Pace of Non-conforming Mortgage Defaults Slows

After spiking dramatically higher in April and May, the pace of defaults for the most troubled area of the mortgage market -- non-conforming mortgages -- slowed significantly in June, according an analysis of performance data on jumbo prime, Alternative-A, and subprime loans by Five Bridges Advisors. Default rates should steadily rise until they peak in the first quarter of 2010.

By Robert Stowe England

July 22, 2009

The pace of credit deterioration for securitized prime, Alternative A (Alt-A or low documentation), and subprime mortgages – which had accelerated in April and May – slowed “significantly” in June, according to an analysis of home loan performance data from Black Box Logic, LLC by Five Bridges Advisors, LLC. Both firms are based in Bethesda, Maryland.

“The irregular and extreme spikes of recent months were conspicuously absent in June,” reports Mortgage Flash, which is published monthly by Five Bridges.

Nevertheless, during June default rates for prime, Alt-A and subprime mortgages rose to new highs.

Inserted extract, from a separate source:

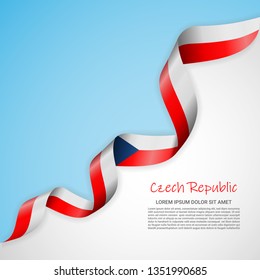 Vector banner in white and blue colors and waving ribbon with flag of Czech Republic. Template for poster design, brochures, printed materials, logos, independence day. National flags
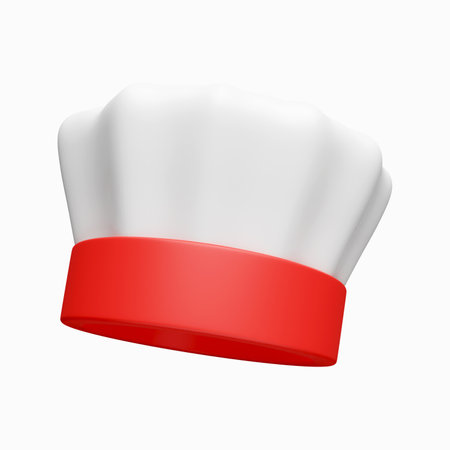 3d chef hat. minimal school icon. isolated on background, icon symbol    . 3d render illustrationの写真素材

Given the rising levels of unemployment and the expectation of even higher unemployment rates, Five Bridges expects “steady further erosion of mortgage credit.”

Five Bridges reiterated its outlook that the default rates will peak in the first quarter of 2010.

Prime, Alt-A, and subprime loans are generally described as being non-conforming loans because they vary in one way or another from the so-called agency mortgage loans backed by Fannie Mae and Freddie Mac, which are described as conforming loans.

The data analyzed by Five Bridges is also for securitized mortgages; that is; they are loans sold by the originator into the secondary market to be pooled and divided into tranches of mortgage-backed securities, which are then sold to investors.

The securities issued on pools of these non-conforming mortgages are described as private label or non-agency securities.

Securitized loans are designated as such to distinguish them from portfolio loans, which are held by the originator, who retains the credit risks associated with the loans.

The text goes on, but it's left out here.